Diante disso, com fundamento nos princípios constitucionais da capacidade contributiva e da isonomia, bem assim no robusto precedente firmado pelo Supremo Tribunal Federal (RE 172.058), é pertinente tornar ineficaz, por inconstitucional, a regra contida no caput do art. 74 da MP 2.158-35/01, na esteira do entendimento prolatado pelo Tribunal Regional Federal da 3ª Região (3ª Turma) no julgamento per saltum que deu origem à Arguição de Inconstitucionalidade retro mencionada:
“8. A cobrança de IRPJ/CSL, conforme o artigo 74 da MP 2.158-35/2001, nasce de presunção ou ficção de disponibilidade jurídica ou econômica, ao reputar que o lucro teria sido pago, creditado, nacionalizado e distribuído a favor da controladora ou coligada, a partir da mera apuração contábil na controlada ou coligada no exterior, sem considerar destinação diversa licitamente dada aos recursos, inserida dentro do campo da livre gestão empresarial.

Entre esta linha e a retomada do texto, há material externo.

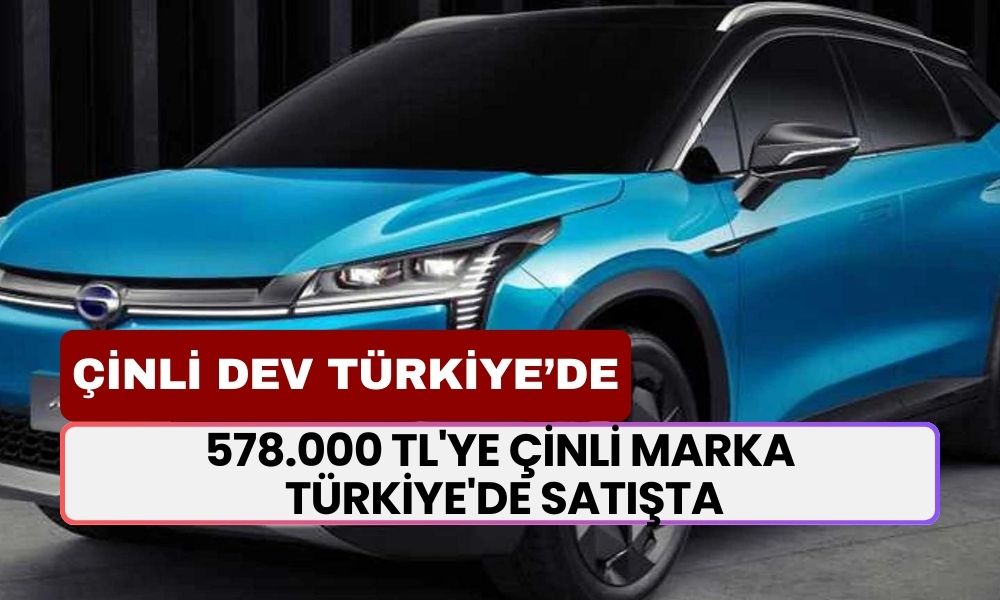 578.000 TL'ye Çinli Dev Marka Türkiye'de Satışa Çıkıyor! Otomobil Alacaklar Bakmadan Geçmesin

Embora, economicamente, a apuração de lucros no exterior, por controlada ou coligada, possa eventualmente produzir efeito patrimonial positivo na controladora ou coligada brasileira, a valorização cogitada, se efetivamente existir, será resultado não de fato jurídico relacionado à disponibilidade econômica ou jurídica de lucro, mas de avaliação feita pelo mercado e fundada em critério econômico, sem compromisso algum com parâmetros jurídico-constitucionais.”

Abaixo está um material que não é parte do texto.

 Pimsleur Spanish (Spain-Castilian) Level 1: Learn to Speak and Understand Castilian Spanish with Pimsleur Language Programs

Na hipótese de não vir a prevalecer tal entendimento, o que se admite para argumentar, cabe cogitar da interpretação conforme a Constituição, sem redução de texto, com o reconhecimento da integral aplicação do texto normativo no caso de controladas constituídas em países de tributação favorecida, e com o acatamento de sua ineficácia nas situações que não envolvam a utilização de controladas em países de tributação favorecida, ressalvadas em ambos os casos as situações de controladas constituídas em países com os quais o Brasil tenha firmado tratado para evitar a dupla tributação, situações estas em que as regras aplicáveis devem ser perquiridas à luz dos tratados correspondentes, dada a sua natureza de lex specialis.
Notas
[1] O único voto contrário à tese da inconstitucionalidade foi do Min. Ilmar Galvão.
[2] Cf. voto do Min. Carlos Velloso no RE nº 172.058-1/SC.
[3] Cf. RSF nº 82, de 18/11/96, Ementa: Suspende, em parte, a execução da Lei 7.713, de 29 de dezembro de 1988, no que diz respeito a expressão “o acionista” contida no seu artigo 35.
[4] PEDREIRA, José Luiz Bulhões. Imposto Sobre a Renda: Pessoas Jurídicas. 1ª. ed. Rio de Janeiro: ADCOAS JUSTEC, 1979, p. 197.
[5] PEDREIRA, José Luiz Bulhões. Imposto Sobre a Renda: Pessoas Jurídicas. 1ª. ed. Rio de Janeiro: ADCOAS JUSTEC, 1979, p. 199.
[6] Op. cit. p. 199/200.
[7] Cf. João Victor Guedes Santos, Lucros no Exterior Direito Comparado e o Princípio da Proporcionalidade, in: Revista Dialética de Direito Tributário nº 145, 2007, pp. 71-85; e Luís Eduardo Schoueri, Transparência Fiscal Internacional, Proporcionalidade e Disponibilidade: Considerações acerca do art. 74 da Medida Provisória nº 2.158-35, in: Revista Dialética de Direito Tributário nº 142, 2007, pp. 40-50.